A landscape is part of Earth's surface that can be viewed at one time from one place. It consists of the geographic features that mark, or are characteristic of, a particular area.
The term comes from the Dutch word landschap, the name given to paintings of the countryside. Geographers have borrowed the word from artists. Although landscape paintings have existed since ancient Roman times (landscape frescoes are present in the ruins of Pompeii), they were reborn during the Renaissance in Northern Europe. Painters ignored people or scenes in landscape art, and made the land itself the subject of paintings. Famous Dutch landscape painters include Jacob van Ruisdael and Vincent van Gogh.
An artist paints a landscape; a geographer studies it. Some geographers, such as Otto Schluter, actually define geography as landscape science. Schluter was the first scientist to write specifically of natural landscapes and cultural landscapes.
A natural landscape is made up of a collection of landforms, such as mountains, hills, plains, and plateaus. Lakes, streams, soils (such as sand or clay), and natural vegetation are other features of natural landscapes. A desert landscape, for instance, usually indicates sandy soil and few deciduous trees. Even desert landscapes can vary: The hilly sand dunes of the Sahara Desert landscape are very different from the cactus-dotted landscape of the Mojave Desert of the American Southwest, for instance.
A landscape that people have modified is called a cultural landscape. People and the plants they grow, the animals they care for, and the structures they build make up cultural landscapes. Such landscapes can vary greatly. They can be as different as a vast cattle ranch in Argentina or the urban landscape of Tokyo, Japan.
Since 1992, the United Nations has recognized significant interactions between people and the natural landscape as official cultural landscapes. The international organization protects these sites from destruction, and identifies them as tourist destinations.
The World Heritage Committee of UNESCO (the United Nations Economic, Social, and Cultural Organization) defines a cultural landscape in three ways.
The first is a clearly defined landscape designed and created intentionally by man. The Archaeological Landscape of the First Coffee Plantations in the southeast of Cuba, near Santiago, is an example of this type of cultural landscape.

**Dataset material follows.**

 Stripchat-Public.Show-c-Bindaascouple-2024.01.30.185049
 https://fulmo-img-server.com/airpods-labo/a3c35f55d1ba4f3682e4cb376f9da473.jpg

The second type of cultural landscape is an organically evolved landscape. An organically evolved landscape is one where the spiritual, economic, and cultural significance of an area developed along with its physical characteristics. The Orkhon Valley Cultural Landscape, along the banks of the Orkhon River in central Mongolia, is an example of an organically evolved landscape. The Orkhon Valley has been used by Mongolian nomads since the 8th century as pastureland for their horses and other animals. Mongolian herders still use the rich river valley for pastureland today.
The last type of cultural landscape is an associative cultural landscape. An associative landscape is much like an organically evolved landscape, except physical evidence of historical human use of the site may be missing. Its significance is an association with spiritual, economic, or cultural features of a people. Tongariro National Park in New Zealand is an associative cultural landscape for the Maori people. The mountains in the park symbolize the link between the Maori and the physical environment.
People and the Natural Landscape
The growth of technology has increased our ability to change a natural landscape. An example of human impact on landscape can be seen along the coastline of the Netherlands. Water from the North Sea was pumped out of certain areas, uncovering the fertile soil below. Dikes and dams were built to keep water from these areas, now used for farming and other purposes.
Dams can change a natural landscape by flooding it. The Three Gorges Dam on the Yangtze River, in Yichang, China, is the world's largest electric power plant. The Three Gorges Dam project has displaced more than 1.2 million people and permanently altered the flow of the Yangtze River, changing both the physical and cultural landscape of the region.
Many human activities increase the rate at which natural processes, such as weathering and erosion, shape the landscape. The cutting of forests exposes more soil to wind and water erosion. Pollution such as acid rain often speeds up the weathering, or breakdown, of Earth's rocky surface.
By studying natural and cultural landscapes, geographers learn how peoples activities affect the land. Their studies may suggest ways that will help us protect the delicate balance of Earth's ecosystems.